Viscosity Measurements in Shock-compressed Epoxy

Viscosity determines momentum transport in a system and plays a crucial role in mixing and growth of hydrodynamic instabilities. Viscosity measurements in High Energy Density (HED) states are particularly important to accurately develop hydrodynamic models and to bridge the gap between simulations and experimental results of complex systems such as Inertial Confinement Fusion (ICF). Inclusion of viscous dissipation in the modelling of ICF implosions has led to a better understanding of hot spot turbulence, demonstrating the pressing need for developing empirical viscosity diagnostics.

We measured viscosity in dynamically compressed Stycast 1266 (CH, 1.1 g/cc) by tracing the acceleration of particles embedded in the target.
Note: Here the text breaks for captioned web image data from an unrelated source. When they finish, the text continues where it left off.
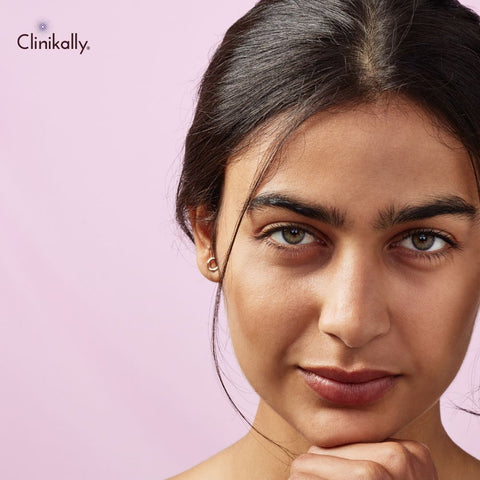 Is slugging suitable for all skin types?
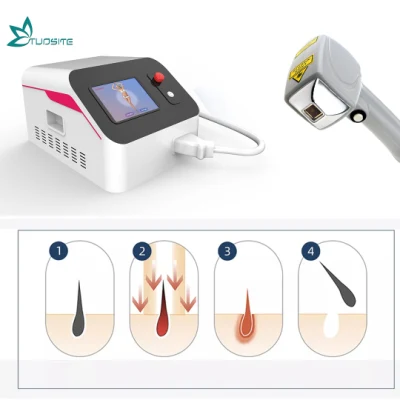 Macchina laser portatile a picosecondi per la rimozione dei tatuaggi, dispositivo peeling laser a carbonio commutato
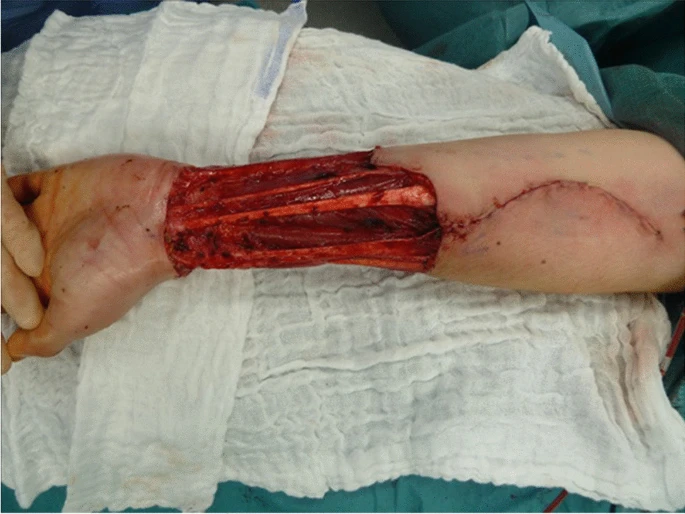 [Image: 12262_2023_3705_Fig1_HTML.jpg?as=webp]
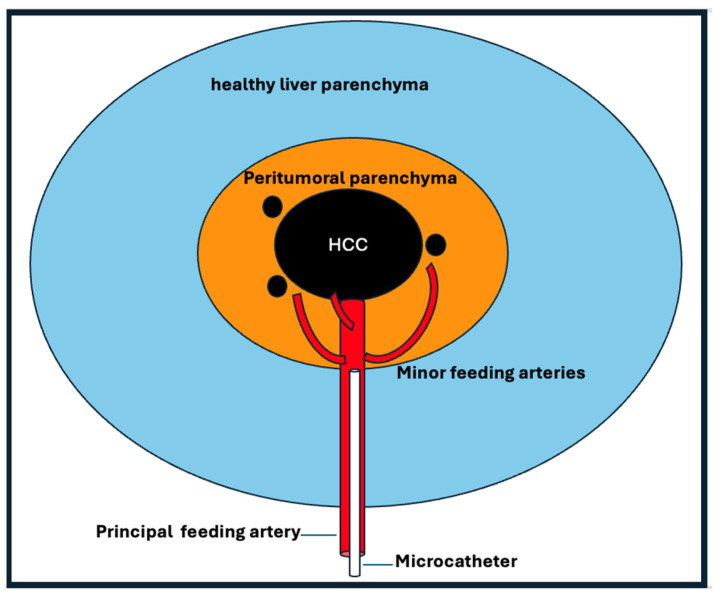 Selective Angiographic Roadmap Analysis (SARA) of Hepatocellular Carcinoma Feeding Arteries for Transarterial Chemoembolization.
The OMEGA-60 laser facility was used to drive a shock (peak⁓248 GPa) through the CH target, which was embedded with stainless steel (7.8 g/cc) and titanium (4.56 g/cc) microspheres that were accelerated by the flow behind the shock. The particle positions were recorded with time-resolved X-ray radiography. The velocities of the particles and CH were used to determine the viscous and inviscid force contributions acting on the particles using a shock-particle forcing model. From the forces, we calculated the dynamic viscosity of CH to be less than 10 Pa-sec. A Bayesian inference analysis on the force model was performed to determine the probability distribution of viscosity for a given range of input variables.